8.2. In the event the goods purchased are defect, the Customer is entitled to demand subsequent performance either by having the defect remedied or having new, nondefective goods delivered. If the defect is to be remedied, then heimatec GmbH shall bear all costs of remedying the defect, in particular transport, road, labour and material costs, provided that these do not increase because the goods purchased have been brought to a place other than the place of performance.

8.3. If subsequent performance is unsuccessful, the Customer shall be entitled to demand a reduction in price or to rescind the contract.

8.4. heimatec GmbH, including its representatives or vicarious agents, shall remain liable in accordance with statutory provisions inasmuch as the Customer asserts any claims for damages based on deliberate actions or gross negligence on the part of heimatec GmbH. In so far as heimatec GmbH is not alleged to have committed any breach of contract, then liability for damages shall be limited to the foreseeable, typically arising costs. The same shall apply to the culpable non-fulfilment of material contractual duties.

8.5. Liability arising from the culpable injury to life, body or health of another person shall remain unaffected. This also applies to the strict liability under the German Product Liability Act (“Produkthaftungsgesetz”).

8.6. Our liability is excluded inasmuch as nothing to the contrary is stipulated above.

8.7. The limitation period, by which claims based on defects may be asserted, shall run for 12 months starting when risk passes to the Customer.

8.8. The limitation period for claims based on defective delivery as provided for under §§ 478 and 479 BGB shall remain unaffected and shall run for five years starting on the date the defective goods are delivered.

9. Joint and several liability

9.1. Irrespective of the legal nature of the claim asserted, heimatec GmbH shall assume no further liability for damages than that provided for under no. 7 of these terms and conditions. This shall apply in particular to claims for damages related to faults occurring at the conclusion of the contract, claims based on other contractual breaches, or relating to tort claims for compensation for injury to property as provided for under § 823 BGB.

9.2. In so far as liability for damages is excluded or limited, this shall also apply with regard to liability for damages caused the employees, representatives and vicarious agents of heimatec GmbH.

10. Retention of title

10.1. heimatec GmbH retains title to the goods delivered to the Customer until payment has been made in full. The retention of title shall also apply to all claims existing at the time the contract was concluded. It shall also apply to all claims arising from subsequent transactions, particularly the delivery of replacement parts as well as services provided by Customer service and/or repairs (reserved goods).

10.2. Subject to cancellation, the Customer is entitled to resell the reserved goods in the course of its regular business activities provided that it does not fall into arrears with payments to heimatec GmbH. The Customer may not pledge the reserved goods as collateral or assign them as security. The Customer is itself required to retain title on the reserved goods resold on credit.

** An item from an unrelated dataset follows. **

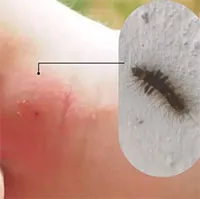 Phát ban do sâu bướm: Cách phát hiện và điều trị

10.3. The Customer assigns herewith to heimatec GmbH all of its accounts receivable and claims for remuneration arising from the resale of the reserved goods or based on other legal grounds (e.g. resulting from torts or insurance claims) to the full extent of the invoiced value of the reserved goods. The Customer shall be entitled to collect on its own behalf the claims assigned to heimatec GmbH. heimatec GmbH may revoke the authorisation to collect the claims and disclose the assignment of the claims in the event of any situations described under no. 4.1 or if an petition is filed to institute insolvency proceedings against the Customer’s property. In this case the Customer is obligated to name the debtors and the relevant claims as well as to make available all documentation required for the claims to be asserted.

10.4. In the event that a third party intervenes with the reserved goods, the Customer is obligated to inform the third party of heimatec GmbH’s ownership and to inform heimatec GmbH thereof in writing without delay. Inasmuch as the third party is not in a position to reimburse heimatec GmbH for the court costs and other costs of bringing action in accordance with § 771 of the German Code of Civil Procedure (ZPO), the Customer shall be liable for the resulting shortfall. 

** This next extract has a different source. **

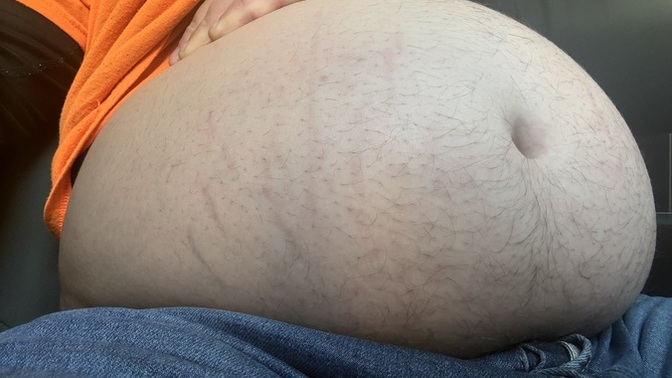 How long dose it take for stretch marks to disappear when losing weight these have been visible for 10 months now?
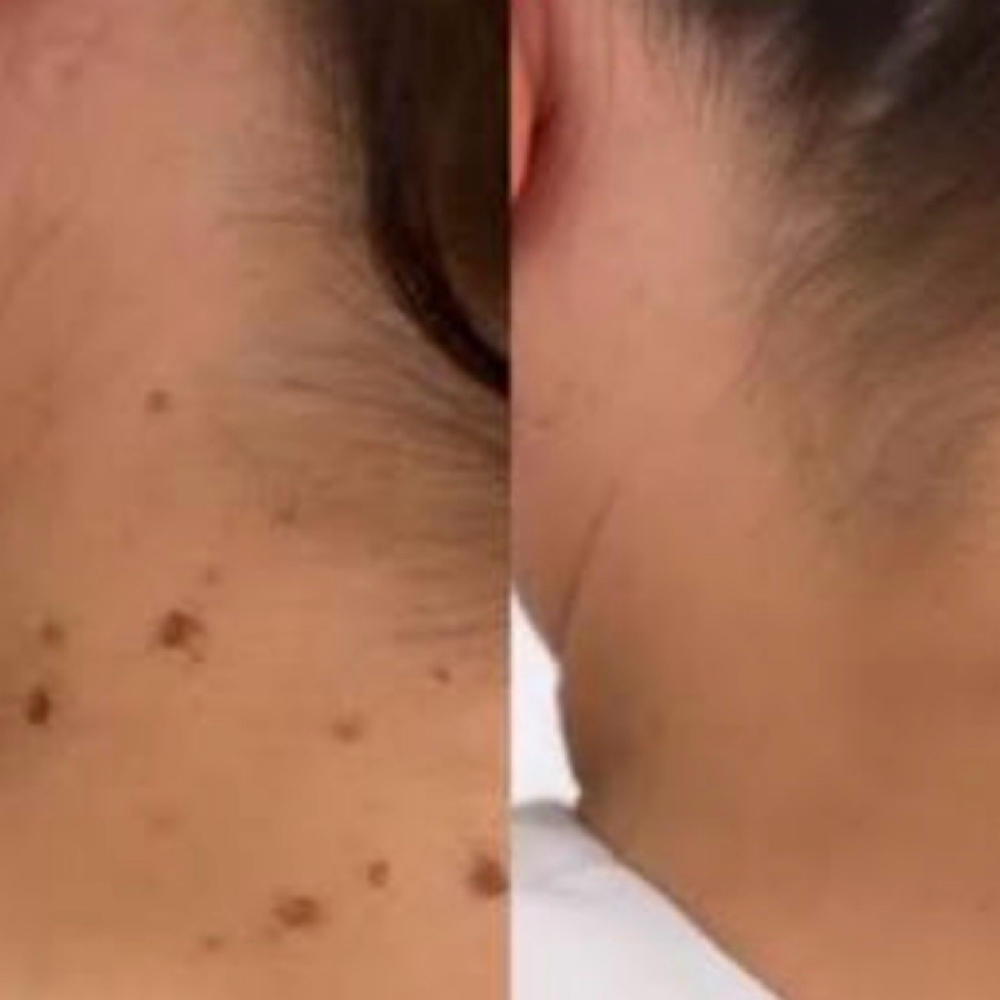 Skintag Mole Removal (1-3) at Spatium Urgent Care & Wellness in Marietta, GA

10.5. If the realisable value of the securities due heimatec GmbH from the retention of title exceeds the total value of heimatec GmbH‘s claim against the Customer by more than 20%, heimatec GmbH shall at the Customer‘s request release the securities due to it under this agreement at its own discretion up to the nominated value limit.

10.6. After the customer has surrendered the reserved goods, heimatec GmbH shall be entitled to realise these after giving prior notification. The costs incurred by the realisation are to be borne by the Customer. The proceeds from the realisation shall be added to the accounts receivable from Customer’s, subject to the addition of a realisation fee amounting to 15% of the revenue gained from the realisation. The second sentence under no. 4.2 shall apply mutatis mutandi.

11. Sale, Export, and Re-export to Russia 

11.1. The Customer is obligated not to sell, export, or re-export, either directly or indirectly, any goods delivered in connection with a contract concluded with heimatec GmbH that fall within the scope of Article 12g of Council Regulation (EU) No. 833/2014 to the Russian Federation. Likewise, the use of these goods in the Russian Federation is prohibited.

11.2. The Customer undertakes to take all reasonable measures to ensure that the purpose of Section 11.1 is not thwarted by third parties in the supply chain, in particular by resellers.

11.3. The Customer shall establish and maintain an appropriate control system to identify activities by third parties within the supply chain, including any resellers, that could undermine the purpose of Section 11.1.

11.4. A violation of the provisions of Sections 11.1, 11.2, or 11.3 shall be deemed a material breach of contract by the Customer. heimatec GmbH is entitled to demand appropriate remedial measures. Should the Customer fail to fulfill its obligations, heimatec GmbH may cancel all contracts with the Customer, including ongoing orders, without the Customer being entitled to claim damages. Claims for damages against the Customer remain unaffected by this.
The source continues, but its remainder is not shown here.